Thursday, February 19, 2009

Building Place Protects Health


Roseto, a tiny town in eastern Pennsylvania has some of the healthiest people in the United States of America. In the 50s before the advent of cholesterol-lowering drugs, heart disease was virtually unknown in Roseto and there was no suicide, no alcoholism, no drug addiction, and very little crime. When people died in Roseto, it was of old age. But why?

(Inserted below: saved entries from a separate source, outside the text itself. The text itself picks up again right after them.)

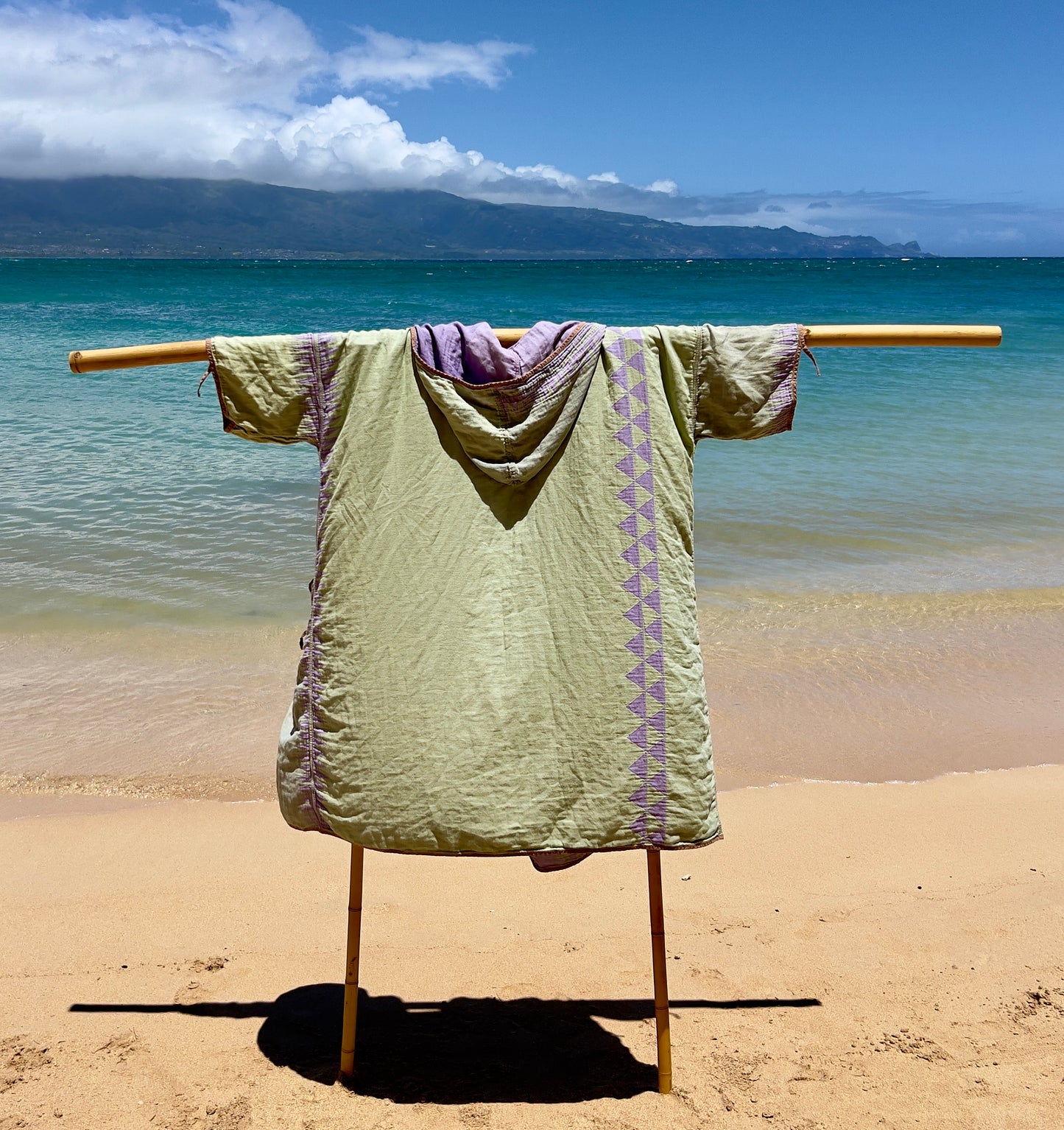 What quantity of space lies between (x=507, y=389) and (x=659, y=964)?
1.24 metres

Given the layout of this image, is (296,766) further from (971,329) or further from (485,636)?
(971,329)

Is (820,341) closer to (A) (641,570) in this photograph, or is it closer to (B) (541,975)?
(A) (641,570)

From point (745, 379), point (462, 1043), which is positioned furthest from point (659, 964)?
point (745, 379)

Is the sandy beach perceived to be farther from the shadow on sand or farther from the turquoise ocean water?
the turquoise ocean water

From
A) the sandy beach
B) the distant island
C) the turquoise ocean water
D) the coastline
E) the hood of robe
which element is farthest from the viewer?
the distant island

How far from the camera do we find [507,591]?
2.01m

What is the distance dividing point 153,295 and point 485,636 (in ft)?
107

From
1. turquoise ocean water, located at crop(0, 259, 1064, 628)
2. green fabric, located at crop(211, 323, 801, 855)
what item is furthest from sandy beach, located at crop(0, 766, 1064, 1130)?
turquoise ocean water, located at crop(0, 259, 1064, 628)

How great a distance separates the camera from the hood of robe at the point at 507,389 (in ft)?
6.42

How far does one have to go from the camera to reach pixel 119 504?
7691 millimetres

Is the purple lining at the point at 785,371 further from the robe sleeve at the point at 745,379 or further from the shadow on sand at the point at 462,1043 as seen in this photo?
the shadow on sand at the point at 462,1043

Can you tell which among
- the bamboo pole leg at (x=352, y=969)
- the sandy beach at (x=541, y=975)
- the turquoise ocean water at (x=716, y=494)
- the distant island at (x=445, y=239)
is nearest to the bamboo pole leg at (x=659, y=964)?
the sandy beach at (x=541, y=975)

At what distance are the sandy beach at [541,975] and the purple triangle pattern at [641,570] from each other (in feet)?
2.67

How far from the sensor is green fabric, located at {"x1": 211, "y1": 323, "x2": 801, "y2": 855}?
6.50 ft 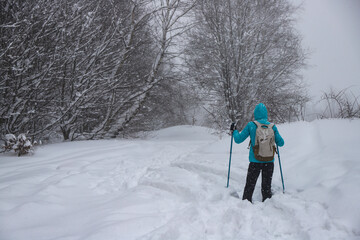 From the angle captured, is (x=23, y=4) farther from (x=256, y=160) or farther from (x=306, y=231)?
(x=306, y=231)

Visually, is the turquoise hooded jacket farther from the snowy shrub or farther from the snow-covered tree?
the snow-covered tree

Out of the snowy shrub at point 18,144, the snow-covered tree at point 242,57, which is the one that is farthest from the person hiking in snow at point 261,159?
the snow-covered tree at point 242,57

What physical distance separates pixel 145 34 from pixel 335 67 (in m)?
52.9

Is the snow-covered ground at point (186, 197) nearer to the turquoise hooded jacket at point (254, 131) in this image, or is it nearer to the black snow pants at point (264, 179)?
the black snow pants at point (264, 179)

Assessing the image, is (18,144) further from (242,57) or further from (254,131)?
(242,57)

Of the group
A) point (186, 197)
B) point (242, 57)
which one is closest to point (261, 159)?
point (186, 197)

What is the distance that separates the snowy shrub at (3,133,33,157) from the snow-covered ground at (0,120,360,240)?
219mm

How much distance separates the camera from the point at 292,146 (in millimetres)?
5219

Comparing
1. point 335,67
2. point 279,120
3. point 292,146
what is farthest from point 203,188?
point 335,67

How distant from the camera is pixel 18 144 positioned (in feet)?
17.9

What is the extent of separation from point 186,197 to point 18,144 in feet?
14.9

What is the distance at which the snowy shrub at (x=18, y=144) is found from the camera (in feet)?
17.9

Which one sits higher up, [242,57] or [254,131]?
[242,57]

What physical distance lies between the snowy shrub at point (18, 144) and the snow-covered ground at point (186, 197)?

In Malcolm Gladwell's breakthrough book Outliers: The Story of Success, we discover that the secret of Roseto wasn't diet or exercise or genes or location. It was Roseto itself. Writes Gladwell:

"As [the researchers] walked around the town . . . they looked at how the Rosetans visited one another, stopping to chat in Italian on the street, say, or cooking for one another in their backyards. They learned about the extended family clans that underlay the town's social structure. They saw how many homes had three generations living under one roof, and how much respect grandparents commanded. They went to mass at Our Lady of Mount Carmel and saw the unifying and calming effect of the church. They counted 22 separate civic organizations in a town of just under 2,000 people. They picked up on the particular egalitarian ethos of the community, which discouraged the wealthy from flaunting their success and helped the unsuccessful obscure their failures . . .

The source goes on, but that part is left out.